• INPUT MATERIAL:
########################################
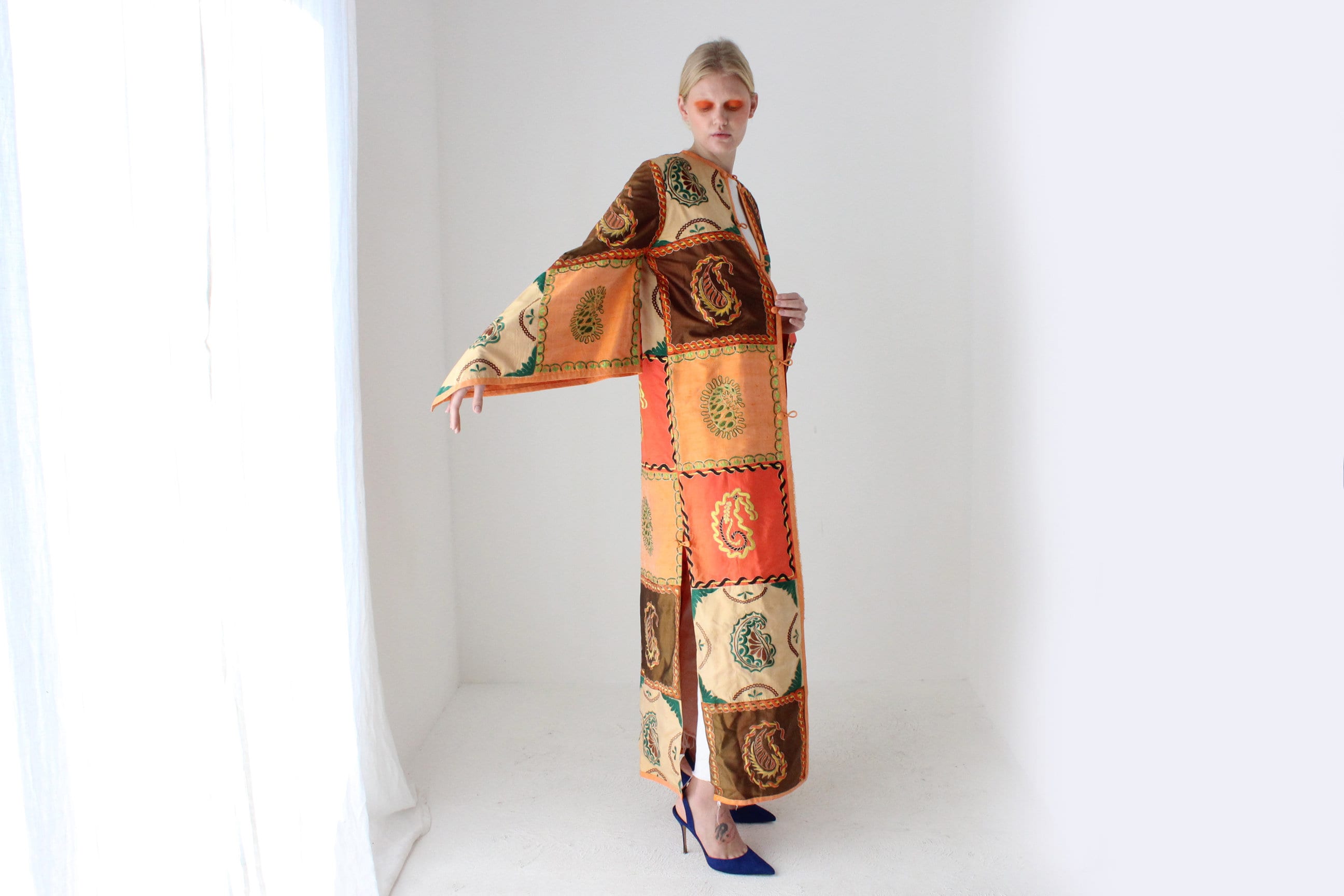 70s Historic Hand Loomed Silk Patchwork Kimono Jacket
########################################
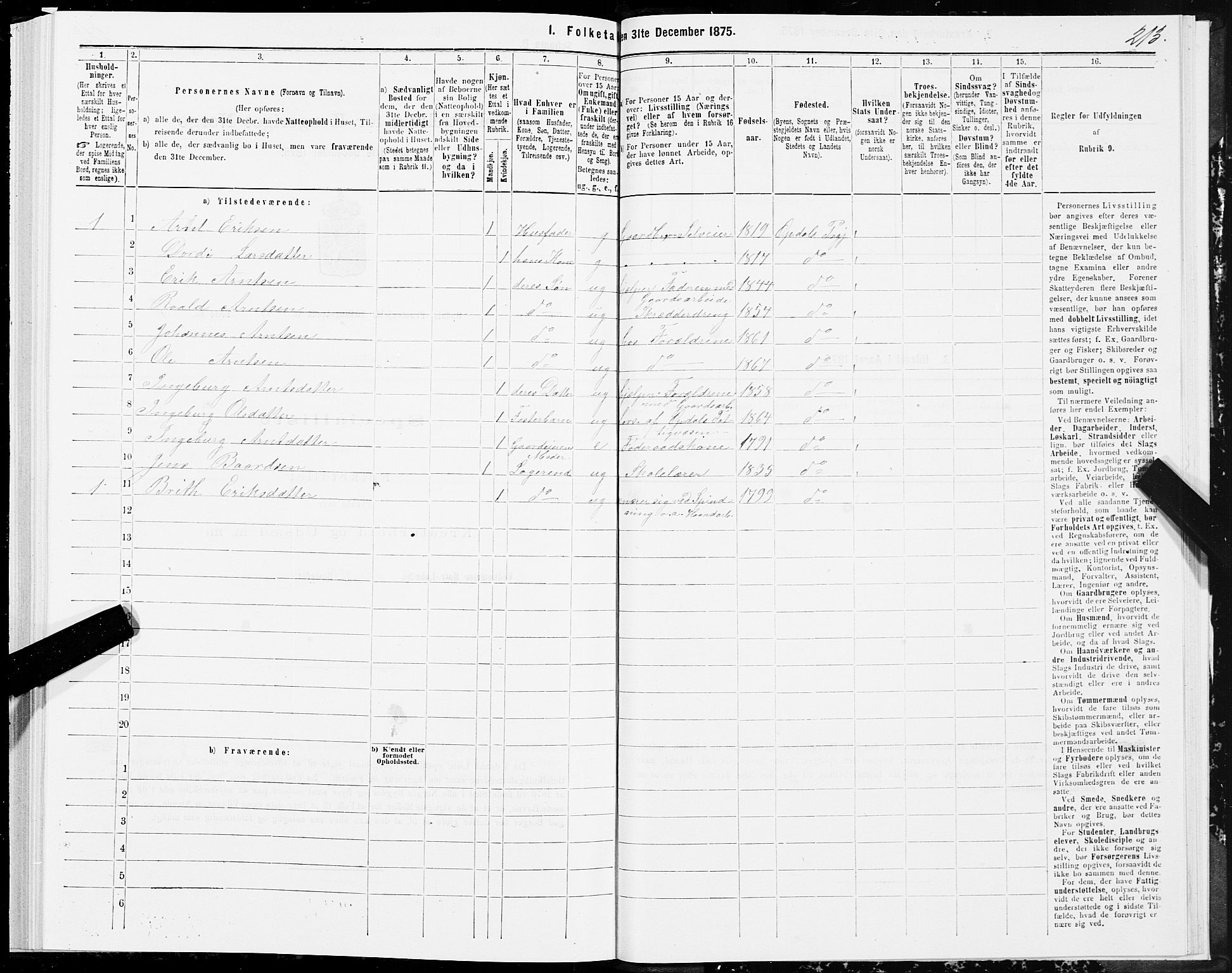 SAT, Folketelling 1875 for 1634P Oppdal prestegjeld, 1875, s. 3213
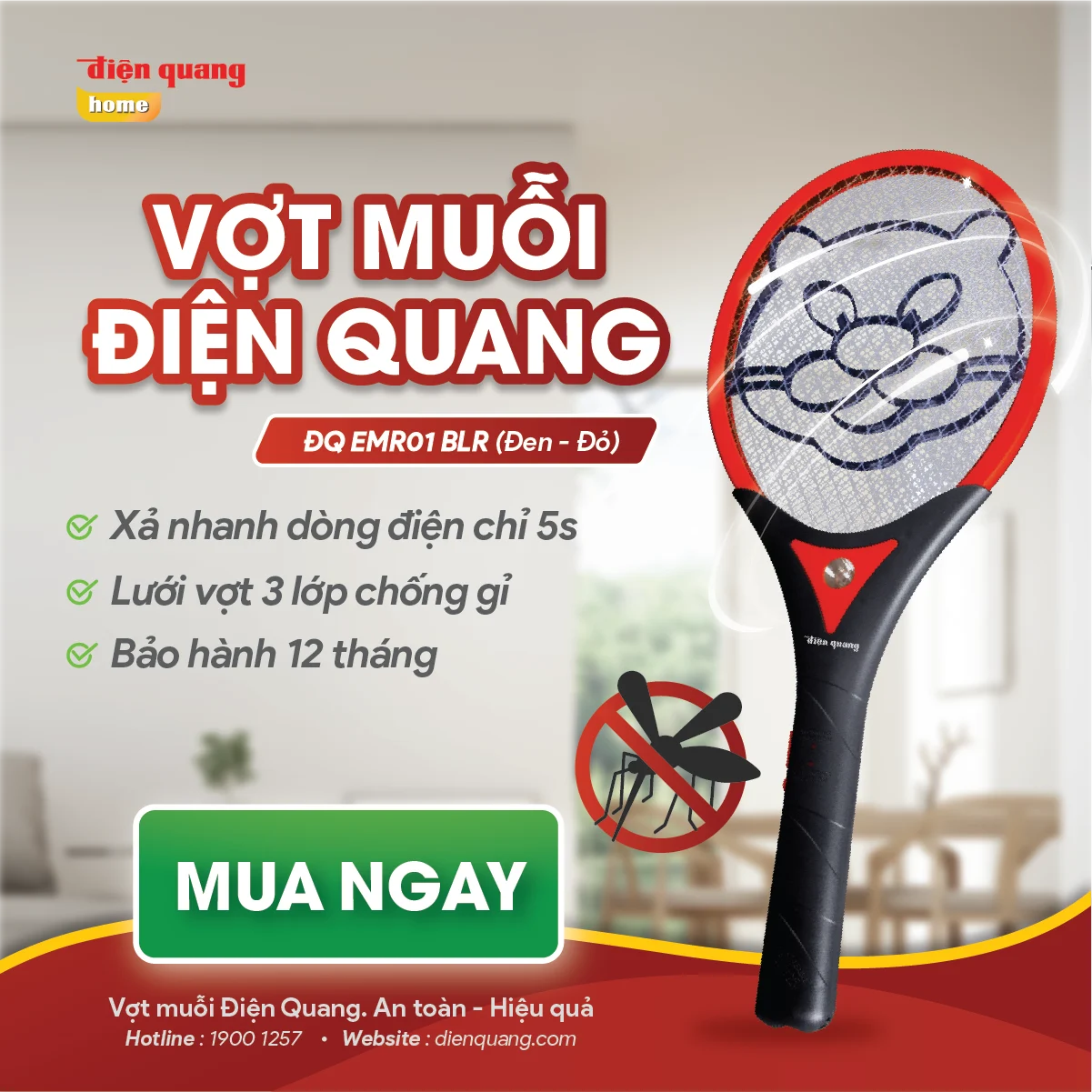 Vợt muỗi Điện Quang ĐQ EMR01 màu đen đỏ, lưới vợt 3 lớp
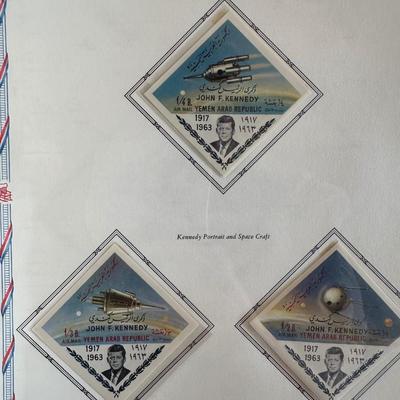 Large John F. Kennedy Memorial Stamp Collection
########################################
• WHAT TO PRODUCE: Every line above between the one containing "SAT, Folketelling 1875" and the one containing "Large John F.", those two included, is to be printed exactly. No pictures go into the copy.

• ANSWER BELOW:
 SAT, Folketelling 1875 for 1634P Oppdal prestegjeld, 1875, s. 3213
 Vợt muỗi Điện Quang ĐQ EMR01 màu đen đỏ, lưới vợt 3 lớp
 Large John F. Kennedy Memorial Stamp Collection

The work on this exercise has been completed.